More oversight of America’s international media networks a good idea
Congress is reviewing legislation that will help guarantee outside oversight of America’s international media networks. The bill is valuable as it is, but could be even stronger.
Bill S.3654, sponsored by Sen. Robert Menendez (D-N.J.) and approved Wednesday by the Committee on Foreign Relations, is the latest in a long series of measures to change the structure of the U.S. Agency for Global Media.

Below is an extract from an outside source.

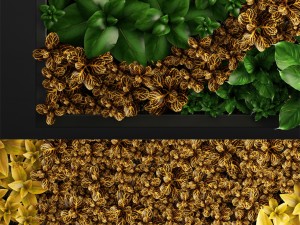 vertical gardening 3D Model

USAGM, which was known until August as the Broadcasting Board of Governors, administers the operations of the Voice of America, Radio Free Europe/Radio Liberty and the three other media networks financed by Congress: Radio Free Asia, the Office of Cuba Broadcasting and Middle East Broadcasting Networks.
Together, the networks operate in some 60 languages on radio, television and the internet, serving 345 million people outside the United States.
S.3654 limits the sweeping powers that Congress granted USAGM’s CEO in a 2016 revision of the International Broadcasting Act. The new measure also tasks the International Broadcasting Advisory Board, authorized by the 2016 revision but never actually created, with monitoring the professionalism and independence of the networks.{mosads}
The 2016 act was a reaction to widespread dissatisfaction with the Broadcasting Board of Governors. The board, an eight-member bipartisan panel with the secretary of state ex officio, had previously tried to run the broadcasters by committee. The 2016 act transferred most of the board’s powers to the agency’s CEO, currently John F. Lansing, endowing him with the right to name the heads of each network, “direct” the networks’ work and move congressional funding around among them.
The 2016 legislation led critics to assert that the Trump administration would use the “empowered CEO,” untrammeled by outside monitoring, to transform the networks into a political propaganda operation. The administration has nominated Michael Pack, a conservative filmmaker who has also been a senior vice president of the Corporation for Public Broadcasting, to replace Lansing as CEO. However, there has been no public indication that the administration has a major new agenda for the networks.
Whatever the politics of the moment, the new legislation is a good structural idea in itself. True, it limits the power of a presidentially appointed, Senate-confirmed official to run his own agency – not a typical arrangement in the government. But the broadcasters aren’t just another government department; their business is journalism.
During my tenure as president of Radio Free Europe/Radio Liberty it seemed to me that as a journalistic organization, we needed – like many other leading journalistic enterprises – a top-level, robust body as an extra check on personnel decisions, objectivity and professional standards.
The 2016 law tiptoed toward providing such oversight by creating the bipartisan, five-member Advisory Board, consisting of the secretary of state and four prominent private citizens. But the 2016 law gave that board almost no authority. S.3654 takes a big step toward creating real oversight, giving the Advisory Board power that could actually attract people of distinction to serve on it. (The Advisory Board will consist initially of the present members of the Broadcasting Board of Governors, who continue to meet despite their loss of power to the CEO. They struggle for quorums and have little visibility; their replacements should actively monitor USAGM’s work and discharge their responsibilities with vigor.)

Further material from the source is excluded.